I started to think about the story of it all. A story has plot, characters, setting, etc. So … the theory I came up with is that changing any or all of those elements could have an impact on the narrative. Here are the things I’ve begun to play around with.
setting – The latest chapter of my life (June 1 until today) has been set almost entirely within the walls of my sweet little kitsilano apartment. One of the easiest ways to change the course of the narrative is to change the setting. My setting changes over the past week haven’t been particularly dramatic. They’ve included time spent in sunbeams on my patio, a trip to Whole Foods, wandering in and out of shops on 4th Avenue, and day at my office. In the early part of the week, moving from my bed to the couch was a major accomplishment and a major narrative changer. Tonight’s setting change will involve going to a “gentle yoga” class. Yes … gentle yoga. Look at me branching out. I’ll probably still do a handstand. But … each change has helped. Each one helped me adjust my perspective and move the narrative in a slightly different direction.
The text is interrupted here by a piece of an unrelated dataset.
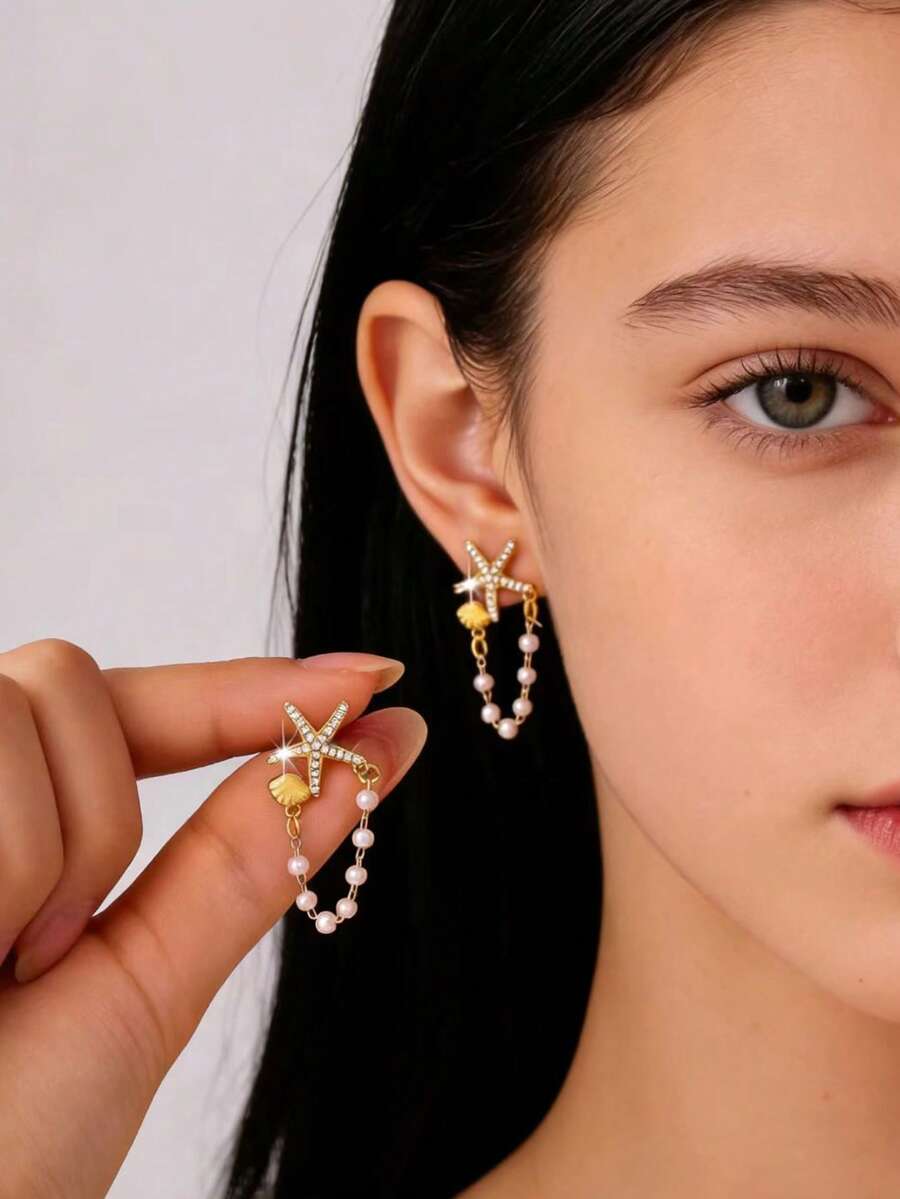 1 Pair European & American Summer Fashion Metal Starfish & Faux Pearl Tassel Earrings, Suitable For Girls To Wear During Vacation, Mother's Day Gift Kids Jewelry - Style 1 - View 1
characters – Your narrative goes nowhere without characters and my story over the past week has been largely autobiographical. That one gets boring fast. I needed fresh meat to give my story flavour. So … I started reaching out to people. They got me out of my own head. In hearing their stories and in telling my own … the narrative took on a new shape … different things drifted into prominence and others faded away. It helped me make meaning of the situation I was in and helped me isolate the dominant themes.
costume changes – Just get dressed already! Can I tell you how much difference it makes to just have a shower and get out of your sweats? The world becomes a much brighter place. You can bend the narrative with a simple sweep of a mascara brush and a clean t-shirt. Try it.
plot – Plot some plots. I have a tendency to future surf which takes me out of the present so I am cautious about recommending and employing this strategy. But … when the present sucks balls in a major way … that’s not necessarily a bad thing. This week I needed to know that I had something to look forward to … something I was moving towards. So a mapped out a couple of different plot options and started taking steps to make certain things happen. It gave me a sense of agency and hopefulness … two things that had been eluding me. So suddenly the narrative was unstuck and things started moving again. Moving in a direction of my choosing. It felt good.
We’ve probably wrung pretty much every drop of usefulness out of this metaphor, but I have one last thing to say about bending the narrative. When all else fails … abandon the chapter. You don’t need to see it through. Honestly you don’t. As a writer … that’s a hard thing to say. I want to see it through … get to the end. But sometimes it’s best to just stop where you are. Put the book back on the shelf, rip out those pages and set them alight, or hit the delete button on what you’ve written. Just start a clean page. Begin a new chapter. Do it.